:: TASK TO CARRY OUT ::
What you give back should be exactly the lines from the one with "Lambda Sensor XLOS1507" through the final line of the material, pictures removed; please add nothing.

:: INFORMATION PROVIDED ::
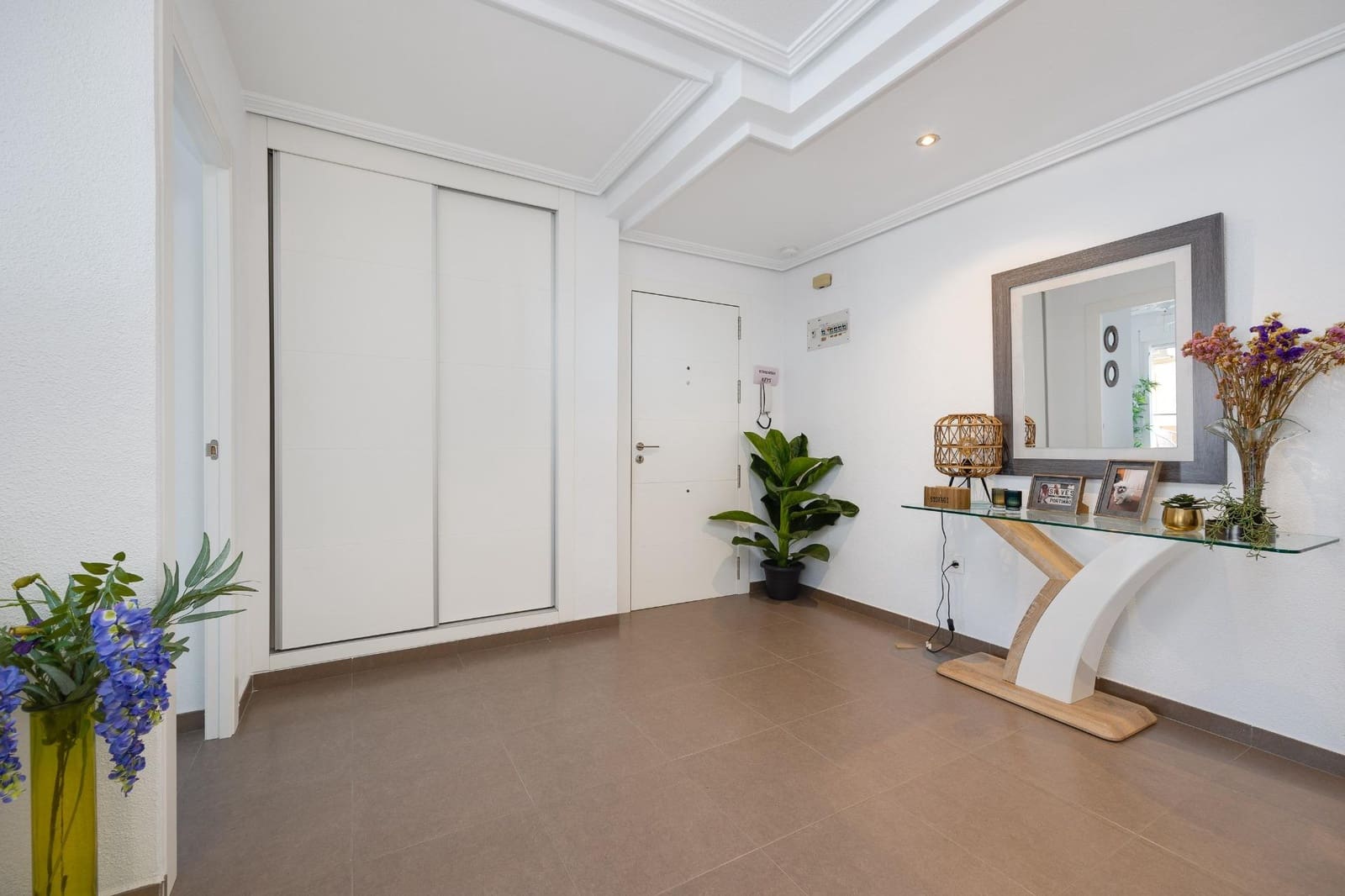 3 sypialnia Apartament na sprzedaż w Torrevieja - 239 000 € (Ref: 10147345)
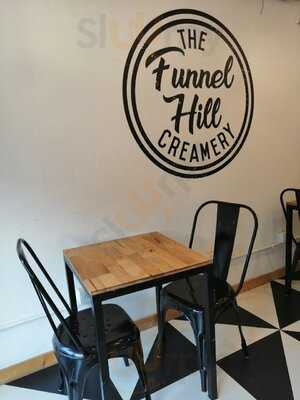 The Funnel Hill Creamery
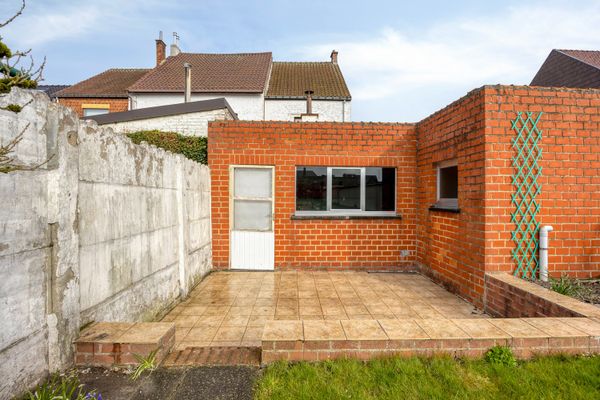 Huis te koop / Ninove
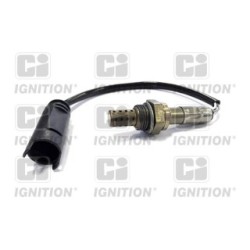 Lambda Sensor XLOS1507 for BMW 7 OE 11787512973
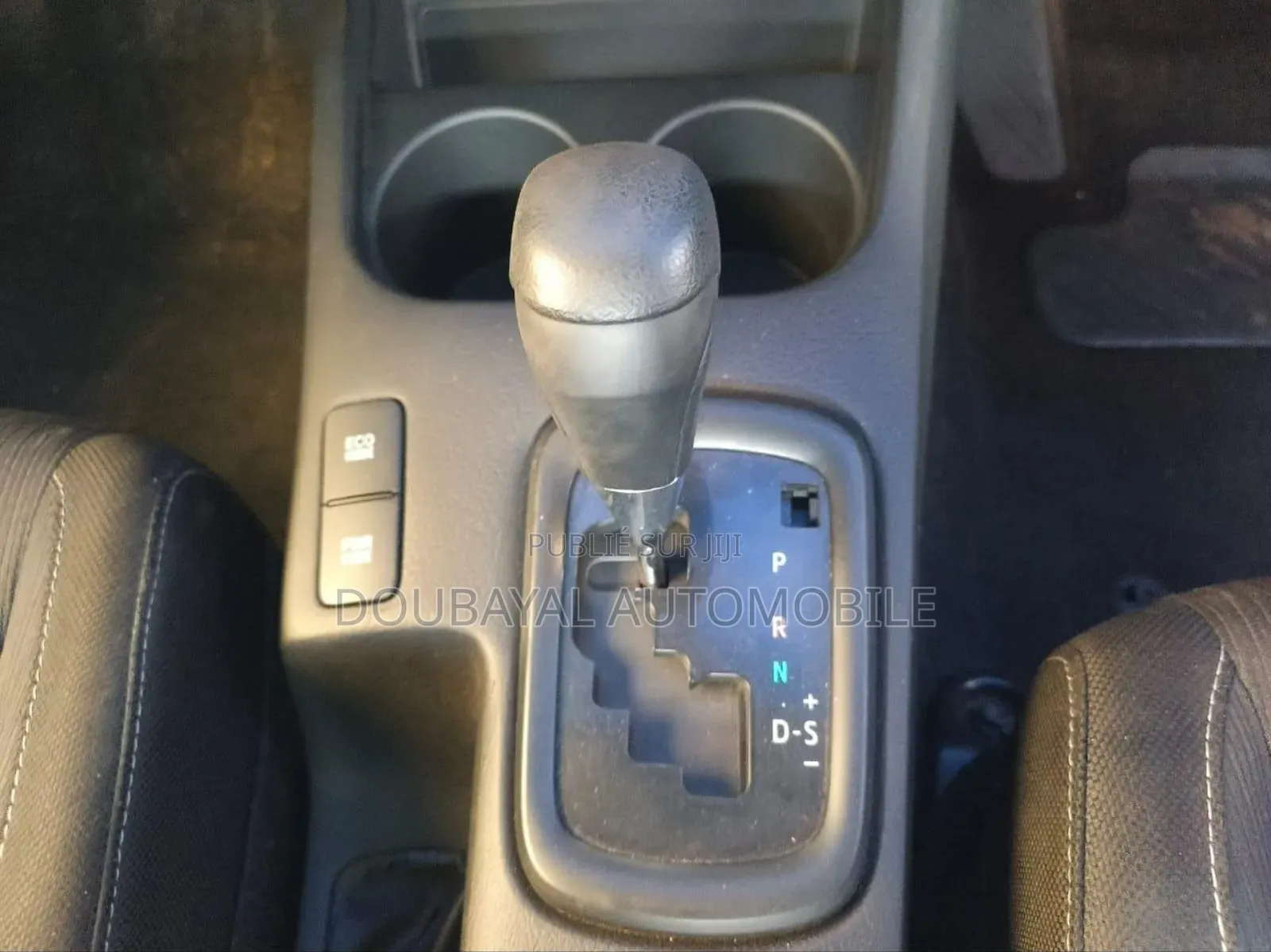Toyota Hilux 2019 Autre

:: RESULT ::
 Lambda Sensor XLOS1507 for BMW 7 OE 11787512973
Toyota Hilux 2019 Autre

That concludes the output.